The Polyphem is a 130kg (280lb) weapon, 2.7m in length, with a 20kg shaped charge warhead with preformed fragments. The missile is powered by a rocket booster, and a turbojet sustainer engine which starts when the weapon reaches 29,500ft/min (150m/s). At the rear of the missile is the tubular bobbin, which pays out fibre-optic cable for the datalink. Four large mid-mounted wings fold out after the weapon leaves the launcher.
The fibre-optic link presents the operator video data of the target, as well as passing commands from operator to missile. Fibre-optics offer the advantage of being jam-proof, as well as offering transmission rates as high as 200 megabytes/s. Unwinding a fibre at speeds of up to 35,430ft/min (maximum speed) has been the greatest challenge, concedes project manager Jean-Paul Roves.
"We have tested the bobbin out to 60km on a C-22 target and validated the system," he says.
The thin fibre-optic cable is potentially the most vulnerable part of the system, but Polyphem programme manager Frederic Donnaint denies the link has caused problems in flight over terrain. He points out that cruise altitude to the target is around 120-250m, well above the tops of trees or power lines.
The slow flight speed (which is selectable, between 23,600-35,400ft/min, or 250-375kt) would also render the missile vulnerable to short range air-defencesystems, although it has a smaller infrared signature than that of a rocket, and can attack from any direction to avoid defences, including steering through those en route to target.
Another potential problem is that the launcher will need to remain static during firing, with cable break likely if the launcher moves.

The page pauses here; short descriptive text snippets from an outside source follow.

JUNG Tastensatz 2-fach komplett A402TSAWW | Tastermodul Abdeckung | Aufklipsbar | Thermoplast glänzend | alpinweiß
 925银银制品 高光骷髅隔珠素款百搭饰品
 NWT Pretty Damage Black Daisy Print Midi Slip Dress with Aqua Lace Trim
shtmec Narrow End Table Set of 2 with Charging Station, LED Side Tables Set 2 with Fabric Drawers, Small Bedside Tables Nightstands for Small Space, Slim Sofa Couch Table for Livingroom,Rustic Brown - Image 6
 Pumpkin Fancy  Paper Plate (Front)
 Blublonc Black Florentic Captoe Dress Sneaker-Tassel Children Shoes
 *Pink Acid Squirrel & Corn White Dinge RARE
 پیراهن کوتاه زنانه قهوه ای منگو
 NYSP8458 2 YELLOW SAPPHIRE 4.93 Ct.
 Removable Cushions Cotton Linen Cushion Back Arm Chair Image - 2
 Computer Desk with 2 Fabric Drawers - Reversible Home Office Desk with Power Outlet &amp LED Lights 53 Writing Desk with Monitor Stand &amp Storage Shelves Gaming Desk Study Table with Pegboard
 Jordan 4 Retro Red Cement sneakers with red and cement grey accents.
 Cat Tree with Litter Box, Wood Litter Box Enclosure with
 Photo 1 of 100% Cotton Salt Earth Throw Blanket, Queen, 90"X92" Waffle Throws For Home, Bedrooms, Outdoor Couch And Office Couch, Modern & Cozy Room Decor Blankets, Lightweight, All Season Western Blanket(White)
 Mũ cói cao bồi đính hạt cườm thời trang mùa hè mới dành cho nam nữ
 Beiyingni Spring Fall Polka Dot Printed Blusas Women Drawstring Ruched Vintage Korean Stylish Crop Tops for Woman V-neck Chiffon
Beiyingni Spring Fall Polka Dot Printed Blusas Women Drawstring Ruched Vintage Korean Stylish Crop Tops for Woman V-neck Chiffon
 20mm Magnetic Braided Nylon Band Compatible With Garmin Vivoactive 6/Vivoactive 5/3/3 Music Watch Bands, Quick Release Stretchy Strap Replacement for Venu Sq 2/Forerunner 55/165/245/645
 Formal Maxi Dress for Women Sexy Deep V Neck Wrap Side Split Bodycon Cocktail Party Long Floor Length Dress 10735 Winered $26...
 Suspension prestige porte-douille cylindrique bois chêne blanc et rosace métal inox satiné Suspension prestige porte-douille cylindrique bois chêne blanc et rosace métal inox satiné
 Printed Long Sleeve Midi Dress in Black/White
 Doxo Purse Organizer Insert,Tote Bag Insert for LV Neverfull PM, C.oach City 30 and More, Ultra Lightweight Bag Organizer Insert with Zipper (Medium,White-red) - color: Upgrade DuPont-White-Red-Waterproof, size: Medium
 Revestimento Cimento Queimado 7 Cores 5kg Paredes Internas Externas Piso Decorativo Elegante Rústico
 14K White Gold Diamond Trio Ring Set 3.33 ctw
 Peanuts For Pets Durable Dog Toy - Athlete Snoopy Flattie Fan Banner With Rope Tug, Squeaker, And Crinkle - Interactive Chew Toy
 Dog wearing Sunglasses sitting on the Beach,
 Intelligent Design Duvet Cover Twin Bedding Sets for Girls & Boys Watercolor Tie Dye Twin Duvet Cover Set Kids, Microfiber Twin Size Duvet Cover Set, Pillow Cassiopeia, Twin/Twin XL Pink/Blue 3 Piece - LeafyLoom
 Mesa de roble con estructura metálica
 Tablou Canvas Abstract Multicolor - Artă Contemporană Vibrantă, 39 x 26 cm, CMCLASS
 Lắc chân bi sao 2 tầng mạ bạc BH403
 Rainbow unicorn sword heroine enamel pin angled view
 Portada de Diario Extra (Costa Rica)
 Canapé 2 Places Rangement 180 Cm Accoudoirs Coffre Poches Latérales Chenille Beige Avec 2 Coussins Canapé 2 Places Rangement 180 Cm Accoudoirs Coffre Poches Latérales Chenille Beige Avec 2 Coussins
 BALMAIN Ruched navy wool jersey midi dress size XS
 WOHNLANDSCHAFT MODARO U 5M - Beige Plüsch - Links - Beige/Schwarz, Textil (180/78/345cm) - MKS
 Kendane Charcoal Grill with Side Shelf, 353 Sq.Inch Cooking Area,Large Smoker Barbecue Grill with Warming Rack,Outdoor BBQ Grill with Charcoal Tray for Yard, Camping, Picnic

The TRIFOM programme began with an initial research memorandum of understanding by France and Germany in May 1991, leading to windtunnel tests of the missile in 1992. Italy joined the project in 1994. Ramp tests of the missile airframe were carried out in 1995, to check the survivability of the fibre-optic link in the harsh acceleration which is experienced during rocket motor launch.
Further benchtests were also carried out in 1995, including a 60km flight test on a C-22 target, a record distance for a fibre-optic link. The first canister launch was made successfully in Sardinia in January 1997. The missile made its first simulated attack flight trial in April 1997 (without a warhead), hitting the target.
Full system evaluation should be completed by the end of 2000, leading to project definition in 2001. The system will begin its development phase from 2002-5. Production is slated to begin in 2006.
The missile's data transfer ability allows almost unprecedented flexibility to the operator. Not only does he have a high resolution image all the way to the target, allowing the missile to be effectively an expendable unmanned air vehicle, but it can also be aimed precisely where it is needed.
As such, it can be aimed to "warn off" an adversary - an unlikely need in wartime, but extremely useful in high tension situations like peacekeeping missions, where a demonstrable threat of lethal force can be very useful.
The control issue is also invaluable because an engagement can be stopped by the operator with only a few seconds to go. Not only does this allow the prevention of "friendly fire" incidents, it also allows the operator to snap from low-value targets to better ones suddenly seen in the field of view in the terminal phase of the attack. Attack break-off can be carried out with the weapon as close as 280m from the target, according to Roves.
Typically, the target will be acquired between 3km and 8km, depending on size, around 20s to 40s from impact. A high level of automation is possible for the attack to reduce operator fatigue in the cruise phase. The system is designed to be fully automatic, with the operator merely validating the automatic engagement selection and adjusting the final aim point if need be.
TYPICAL TARGETS
Typical high value targets for the Polyphem will be armoured vehicles, air defence radar and missile sites, helicopters and enemy artillery systems. The small warhead does not make it suitable for attacking large structures or hardened targets, but the accuracy of the weapon makes a small ship a worthwhile target because a crucial part, like its main armament or sensors, could easily be selected for attack, leaving it essentially defenceless.
Although the system has hitherto been installed only in a standard German army truck-mounted container, other potential launch platforms could include light vehicles or small helicopters.
The German navy plans to use the missile on its new K-130 class corvettes, taking advantage of the missile's sea-skimming ability.
Source: Flight International